# [Task details]
Output the data below exactly, images excluded.
*** Opening of Material provided ***
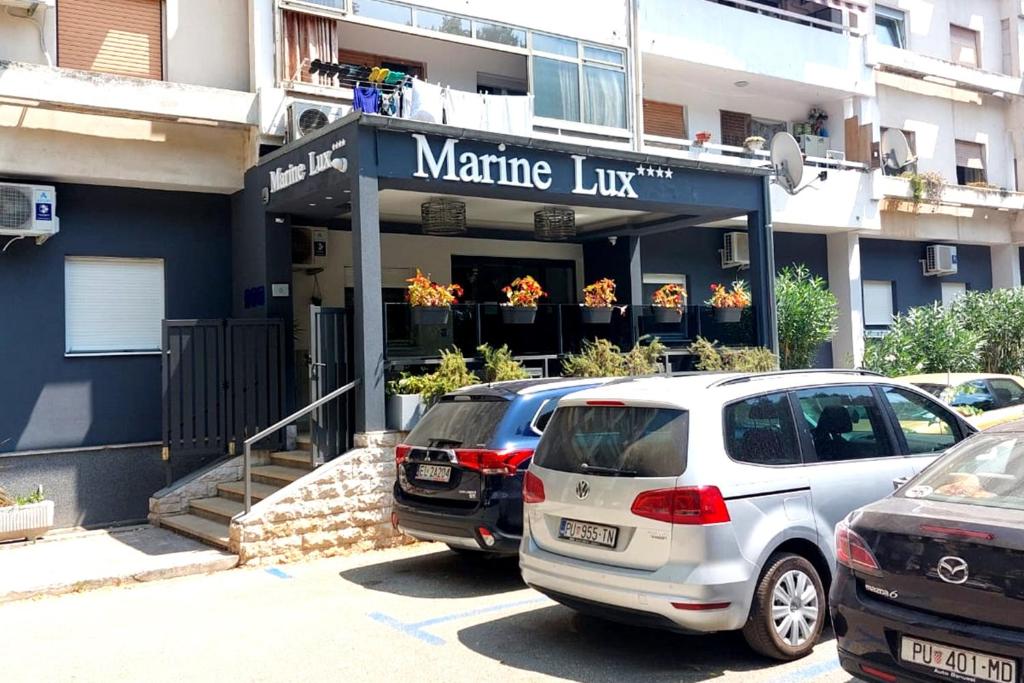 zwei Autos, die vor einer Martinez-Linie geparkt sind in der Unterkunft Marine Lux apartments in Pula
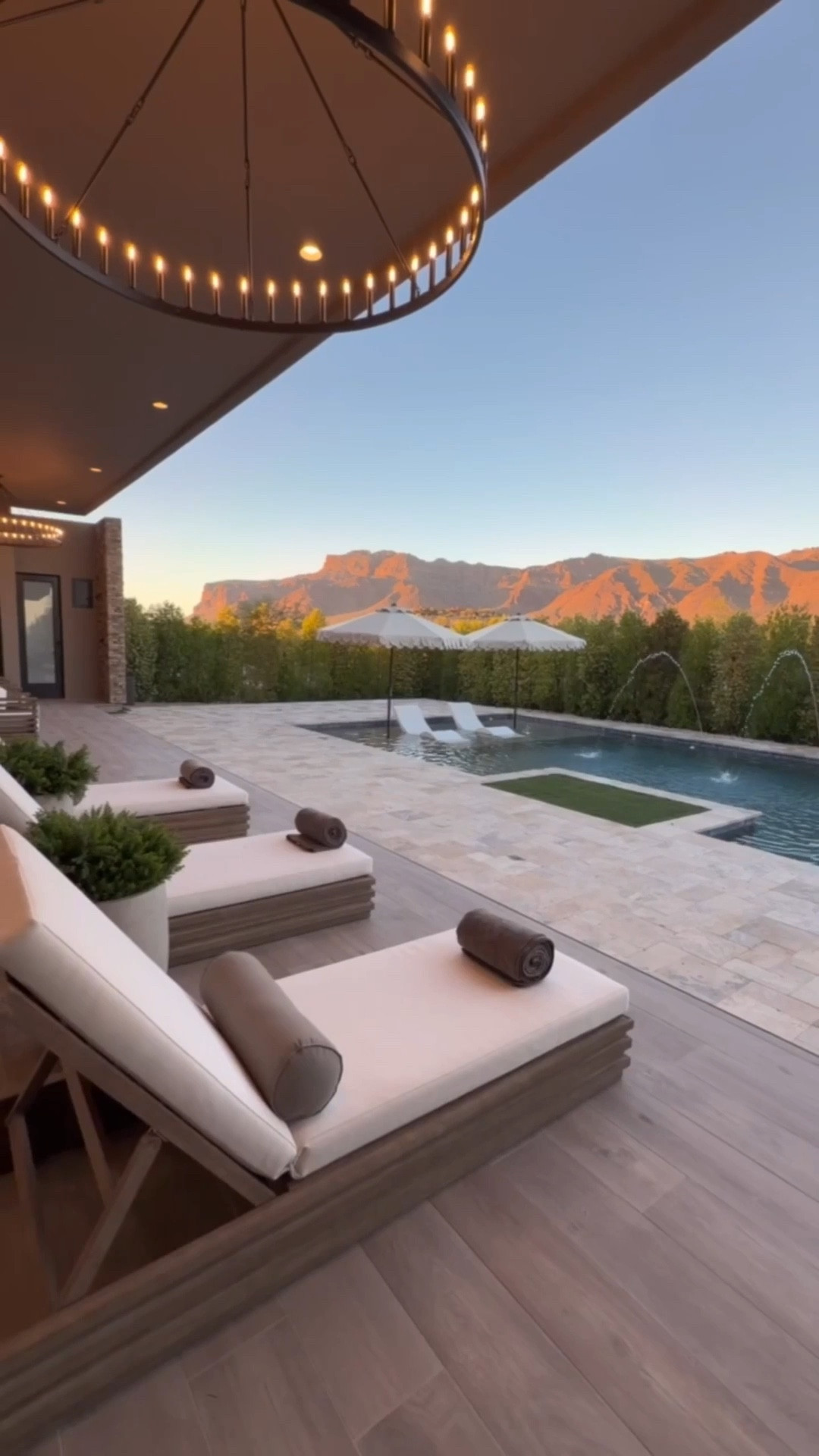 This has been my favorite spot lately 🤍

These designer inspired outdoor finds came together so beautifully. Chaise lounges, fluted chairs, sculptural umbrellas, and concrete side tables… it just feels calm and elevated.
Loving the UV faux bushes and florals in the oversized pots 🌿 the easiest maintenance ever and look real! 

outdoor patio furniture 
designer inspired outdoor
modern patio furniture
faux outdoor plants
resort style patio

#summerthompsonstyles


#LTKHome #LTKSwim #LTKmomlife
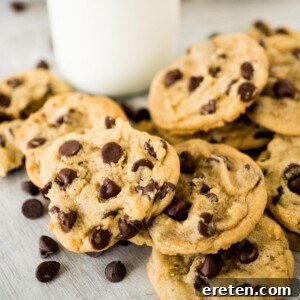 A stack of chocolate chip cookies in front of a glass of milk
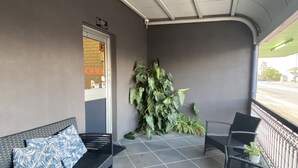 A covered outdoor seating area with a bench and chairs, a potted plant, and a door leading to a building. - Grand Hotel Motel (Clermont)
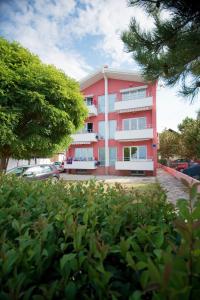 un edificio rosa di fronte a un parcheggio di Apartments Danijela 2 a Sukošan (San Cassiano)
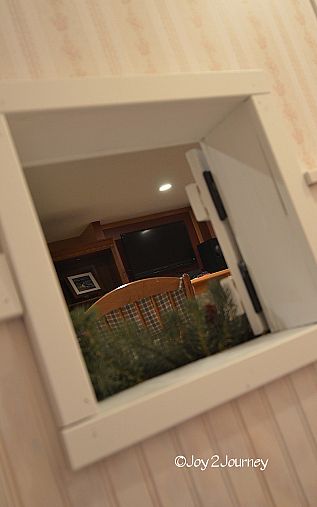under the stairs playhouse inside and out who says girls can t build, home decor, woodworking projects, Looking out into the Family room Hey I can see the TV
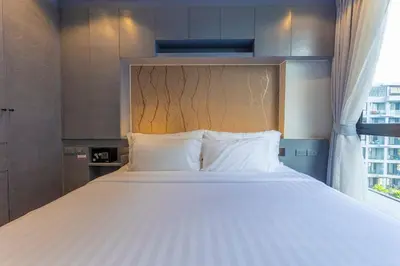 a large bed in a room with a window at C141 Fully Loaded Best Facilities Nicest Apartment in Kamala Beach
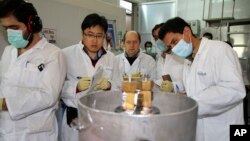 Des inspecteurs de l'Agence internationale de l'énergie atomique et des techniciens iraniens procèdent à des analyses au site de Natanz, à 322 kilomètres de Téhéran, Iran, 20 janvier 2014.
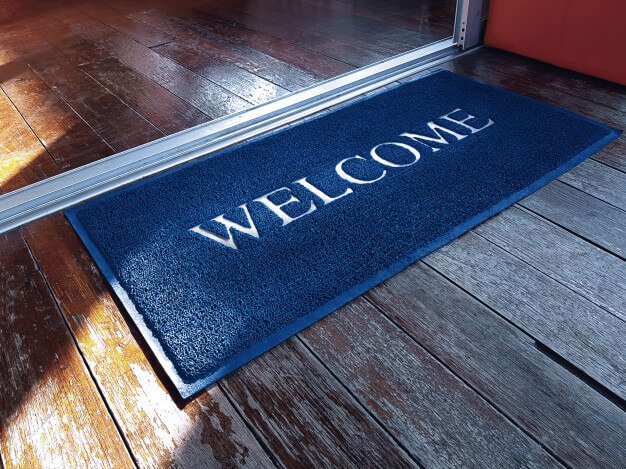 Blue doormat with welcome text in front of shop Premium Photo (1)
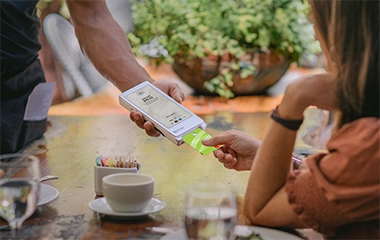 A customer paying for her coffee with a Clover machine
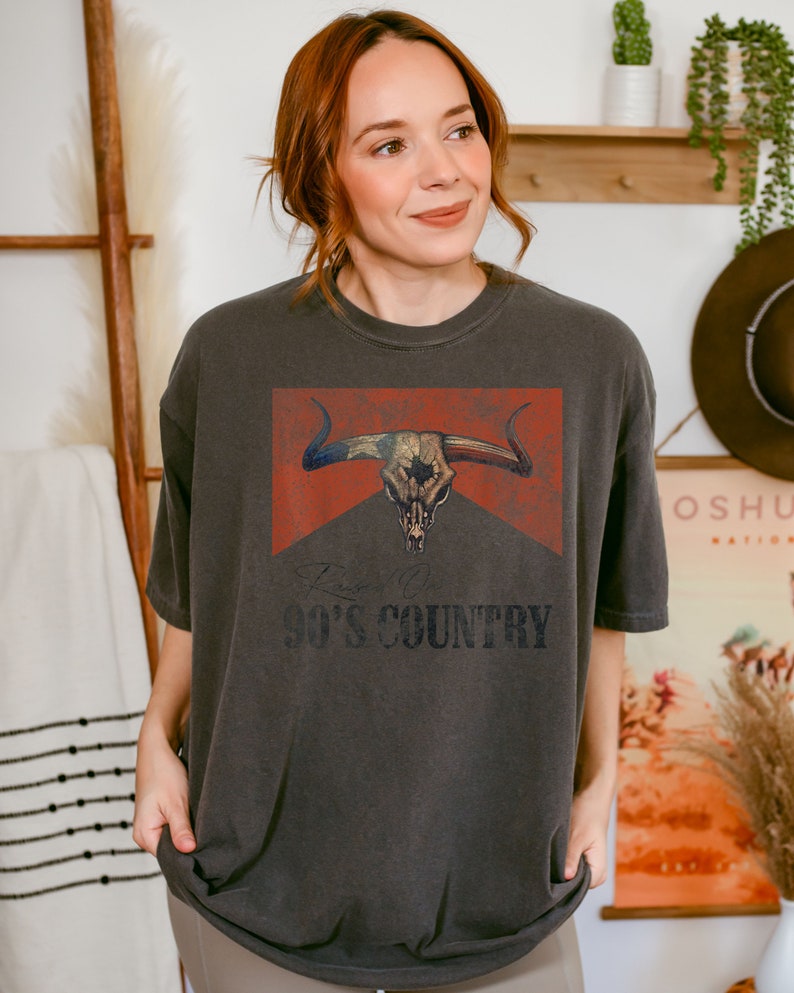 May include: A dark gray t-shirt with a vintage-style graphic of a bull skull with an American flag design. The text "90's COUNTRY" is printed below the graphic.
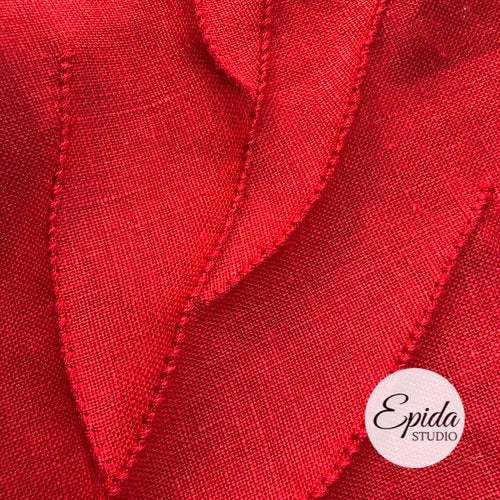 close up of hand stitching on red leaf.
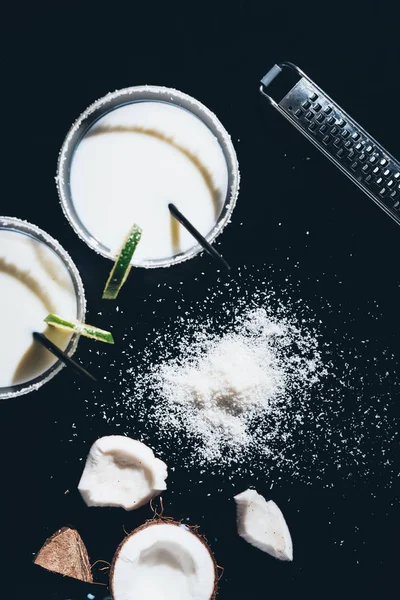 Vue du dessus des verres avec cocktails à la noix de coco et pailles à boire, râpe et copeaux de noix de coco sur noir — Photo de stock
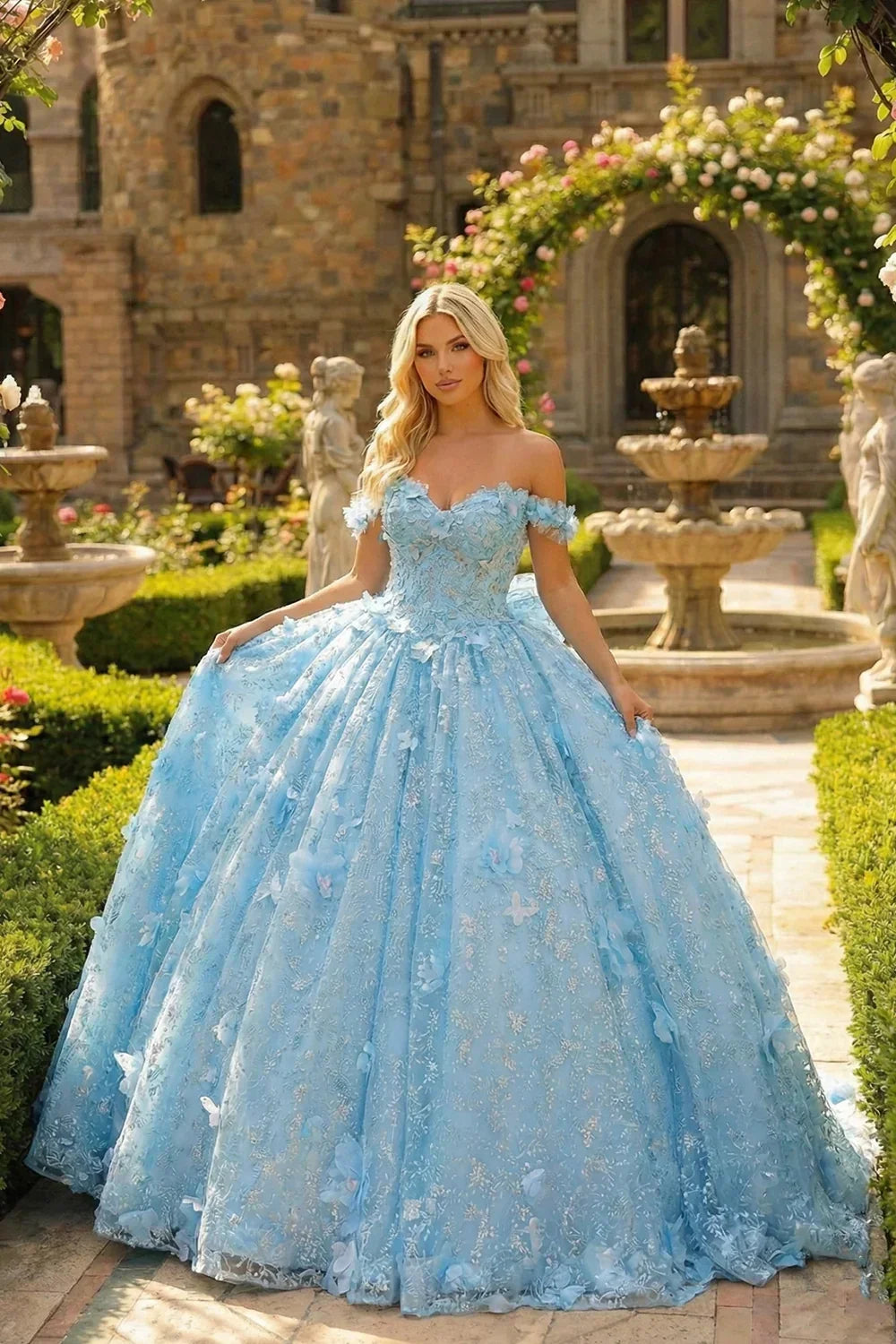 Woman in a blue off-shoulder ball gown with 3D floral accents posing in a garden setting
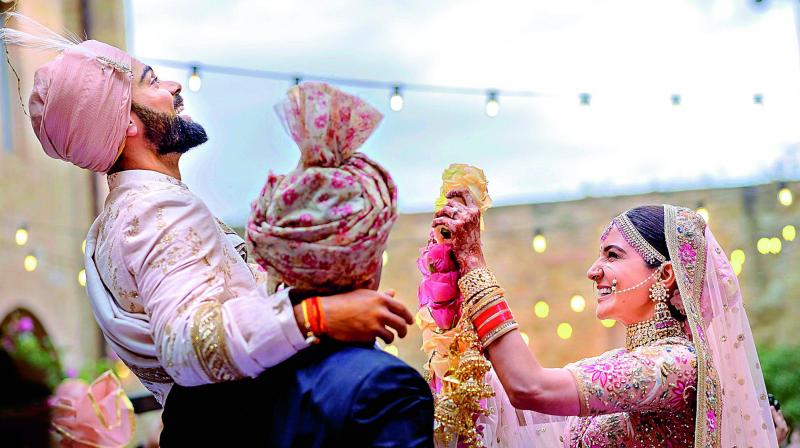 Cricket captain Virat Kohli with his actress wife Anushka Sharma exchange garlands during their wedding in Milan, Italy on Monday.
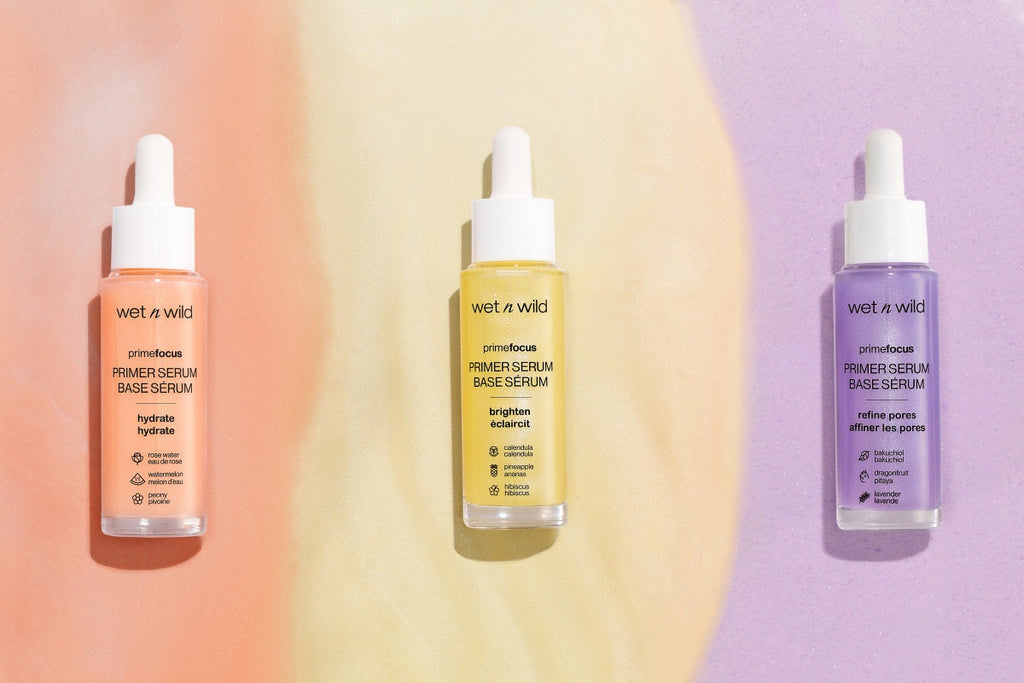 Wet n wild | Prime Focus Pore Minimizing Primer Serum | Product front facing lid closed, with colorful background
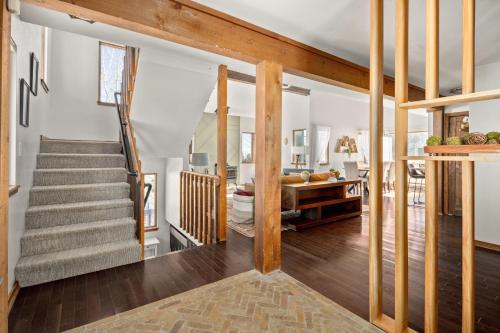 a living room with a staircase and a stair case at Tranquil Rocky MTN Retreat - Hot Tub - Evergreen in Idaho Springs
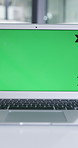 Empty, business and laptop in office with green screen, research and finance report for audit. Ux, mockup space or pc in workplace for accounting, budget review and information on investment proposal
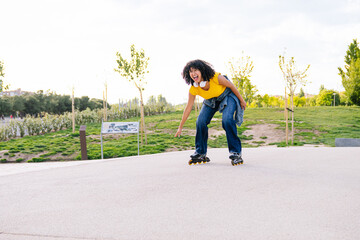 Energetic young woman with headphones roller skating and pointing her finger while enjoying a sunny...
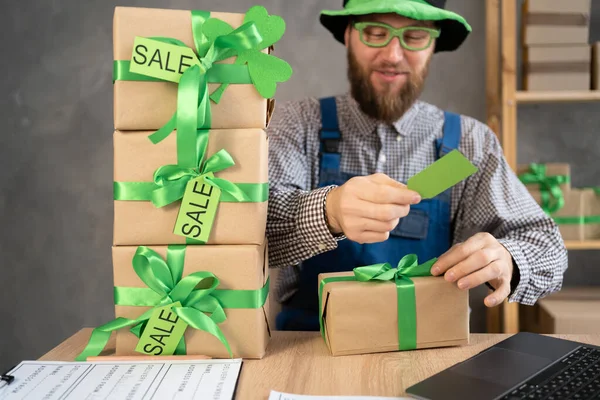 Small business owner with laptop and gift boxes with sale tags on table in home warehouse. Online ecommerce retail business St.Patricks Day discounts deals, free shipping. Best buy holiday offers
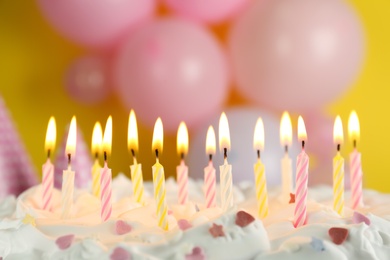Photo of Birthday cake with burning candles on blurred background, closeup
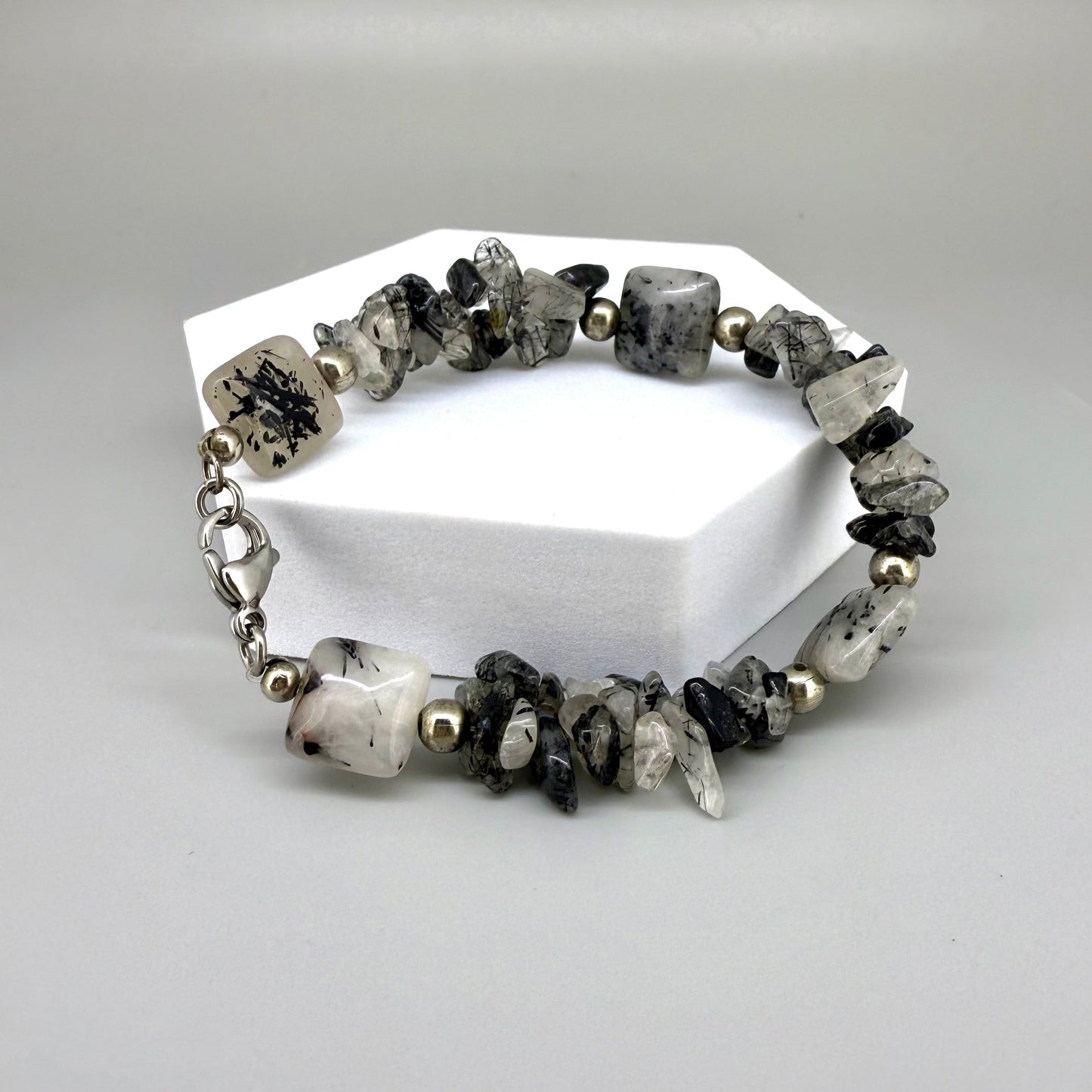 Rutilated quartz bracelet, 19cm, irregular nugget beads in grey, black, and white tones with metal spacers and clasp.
*** Close of Material provided ***
# [Result of the task]
 zwei Autos, die vor einer Martinez-Linie geparkt sind in der Unterkunft Marine Lux apartments in Pula
 This has been my favorite spot lately 🤍

These designer inspired outdoor finds came together so beautifully. Chaise lounges, fluted chairs, sculptural umbrellas, and concrete side tables… it just feels calm and elevated.
Loving the UV faux bushes and florals in the oversized pots 🌿 the easiest maintenance ever and look real! 

outdoor patio furniture 
designer inspired outdoor
modern patio furniture
faux outdoor plants
resort style patio

#summerthompsonstyles


#LTKHome #LTKSwim #LTKmomlife
 A stack of chocolate chip cookies in front of a glass of milk
 A covered outdoor seating area with a bench and chairs, a potted plant, and a door leading to a building. - Grand Hotel Motel (Clermont)
 un edificio rosa di fronte a un parcheggio di Apartments Danijela 2 a Sukošan (San Cassiano)
under the stairs playhouse inside and out who says girls can t build, home decor, woodworking projects, Looking out into the Family room Hey I can see the TV
 a large bed in a room with a window at C141 Fully Loaded Best Facilities Nicest Apartment in Kamala Beach
 Des inspecteurs de l'Agence internationale de l'énergie atomique et des techniciens iraniens procèdent à des analyses au site de Natanz, à 322 kilomètres de Téhéran, Iran, 20 janvier 2014.
 Blue doormat with welcome text in front of shop Premium Photo (1)
 A customer paying for her coffee with a Clover machine
 May include: A dark gray t-shirt with a vintage-style graphic of a bull skull with an American flag design. The text "90's COUNTRY" is printed below the graphic.
 close up of hand stitching on red leaf.
 Vue du dessus des verres avec cocktails à la noix de coco et pailles à boire, râpe et copeaux de noix de coco sur noir — Photo de stock
 Woman in a blue off-shoulder ball gown with 3D floral accents posing in a garden setting
 Cricket captain Virat Kohli with his actress wife Anushka Sharma exchange garlands during their wedding in Milan, Italy on Monday.
 Wet n wild | Prime Focus Pore Minimizing Primer Serum | Product front facing lid closed, with colorful background
 a living room with a staircase and a stair case at Tranquil Rocky MTN Retreat - Hot Tub - Evergreen in Idaho Springs
 Empty, business and laptop in office with green screen, research and finance report for audit. Ux, mockup space or pc in workplace for accounting, budget review and information on investment proposal
 Energetic young woman with headphones roller skating and pointing her finger while enjoying a sunny...
 Small business owner with laptop and gift boxes with sale tags on table in home warehouse. Online ecommerce retail business St.Patricks Day discounts deals, free shipping. Best buy holiday offers
Photo of Birthday cake with burning candles on blurred background, closeup
 Rutilated quartz bracelet, 19cm, irregular nugget beads in grey, black, and white tones with metal spacers and clasp.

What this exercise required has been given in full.